Para ella fue una “sensación maravillosa” notar como la sociedad decía a los jóvenes que si estudiaban, en su caso en una universidad pública, podían conseguir lo que se desearan. “Me di cuenta de la maravilla que fue nacer en ese momento de la historia de España cuando salí al extranjero y vi que en otros países no se avanzaba de esa manera”, cuenta por videollamada desde Londres, ahora que vive a caballo entre el Reino Unido y España.
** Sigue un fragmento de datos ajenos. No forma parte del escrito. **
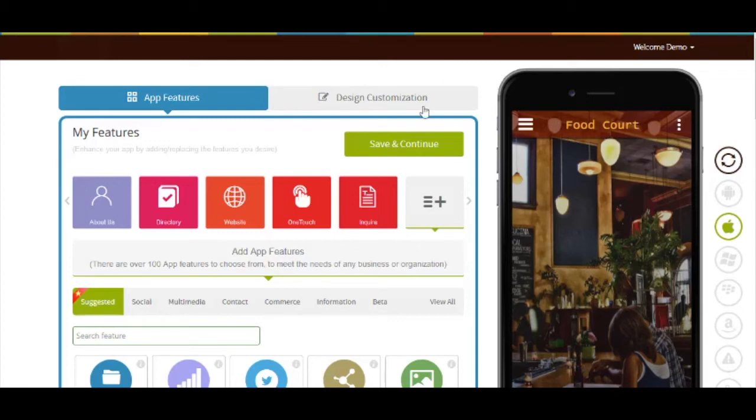Hi guys, in this tutorial we'll be learning how to add a food court page to your app.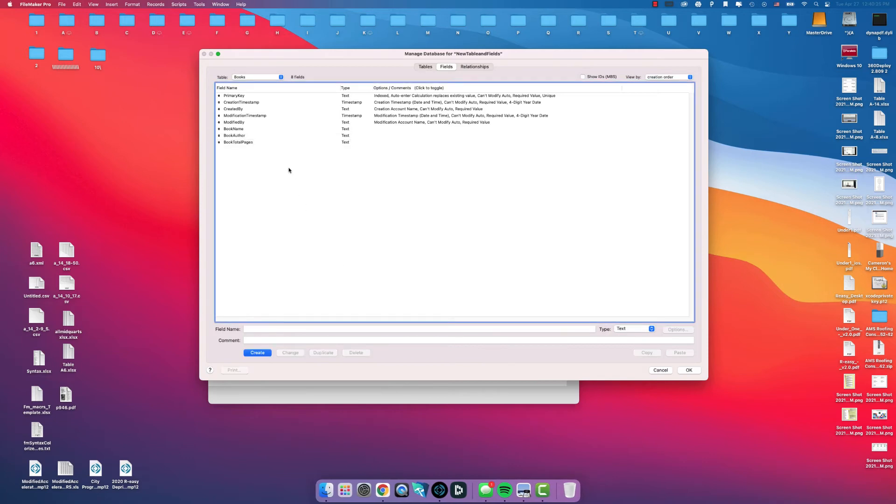By going to this drop down menu over here, Table, you can click the drop down and select the other tables that you have already created.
Rápidamente, su semblante se vuelve serio al afirmar que en España ese ascensor social se ha estropeado y que es una de las grandes asignaturas pendientes del país. “No puede ser que los jóvenes no tengan la posibilidad de emanciparse”, sostiene, antes de reprochar a los políticos que no escuchen a este segmento de la población. En el contento de aquellos que sienten alejarse sus sueños de tener un techo propio y una buena calidad de vida ve González una de las razones del auge de partidos extremistas. “Percibo también un gran divorcio entre la clase política y la ciudadanía en general. La sociedad está desencantada. Hay un sentimiento de derrotismo y casi de tristeza”.